Sokrates, evlenmiştir, ama zevcesi Xanthippe ile mesut olmamıştır. Bu sebeple, “Mesut olmak istiyorsan evlen ya da evlenme. Her iki halde de pişman olursun” demiştir. Mamafih Sokrates gibi aykırı birinin evlenip mesut olması da kolay değildir.
Stoacılar hislerin kölesi olmamayı müdafaa ederler. Bekâr kalmak buna bir vasıta olabilir. Epiktetos hiç evlenmemiştir, ama evlenmeye karşı da katı bir duruşu yoktur. Kişi evlensin, ama yeter ki deruni ahengi bozmasın.
Aristoteles ise aileyi cemiyetin temeli görür. Evlilik tabii bir birliktir. İnsanın tabiatı gereği sosyal bir varlık olduğu için, aile mühimdir.
Konfüçyüs için de aile en yüksek faziletlerdendir. Bekârlık, sosyal mesuliyetlerden kaçınmaktır. Evlilik hem şahsi tekâmül, hem de sosyal ahenk için lüzumludur.

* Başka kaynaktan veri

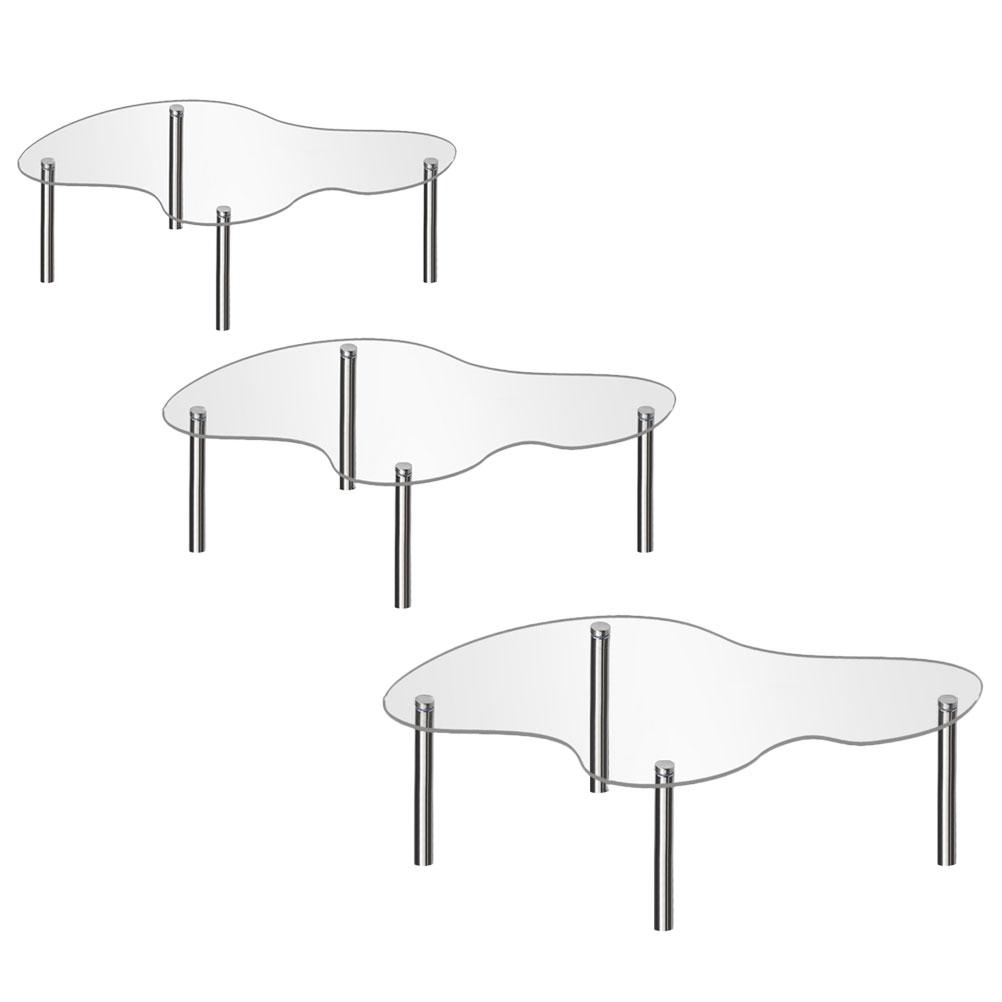 3 Pcs Clear Acrylic Cupcake Stand Stands Display Shelves Risers for Multi-layer Transparent Small Holder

Filozof Kant evlenmemişti. Düzenli ve disiplinli hayatı sever, hissi bağlılıkların felsefi üretkenliği bozabileceğini düşünürdü. Evlilik, akılcı bir akit olabilir ama aşk gibi tutkularla yönlendirildiğinde akıl dışı hale gelirdi.
Arthur Schopenhauer, kadın düşmanıydı. Evliliği, insanların tutkularına boyun eğmesi olarak görür. Ona göre evlilik, tabiatın insanları kandırarak türün devamını temin etmesidir. “Evlenmek, haklarını ikiye bölüp vazifelerini iki katına çıkarmaktır” demiştir.
Friedrich Nietzsche hiç evlenmemiştir. Evliliği ferdin gücünü sınırlayan bir hal olarak görür. Ona göre büyük ferdler kendi başına yeterli olmalı ve sürü ahlakına (cemiyetin beklentilerine) karşı gelmelidir.
Hegel’e göre aile, ferdin hürriyetini gerçekleştirdiği ilk safhadır. Bekârlık, bu safhayı tamamlamamış olmak demektir.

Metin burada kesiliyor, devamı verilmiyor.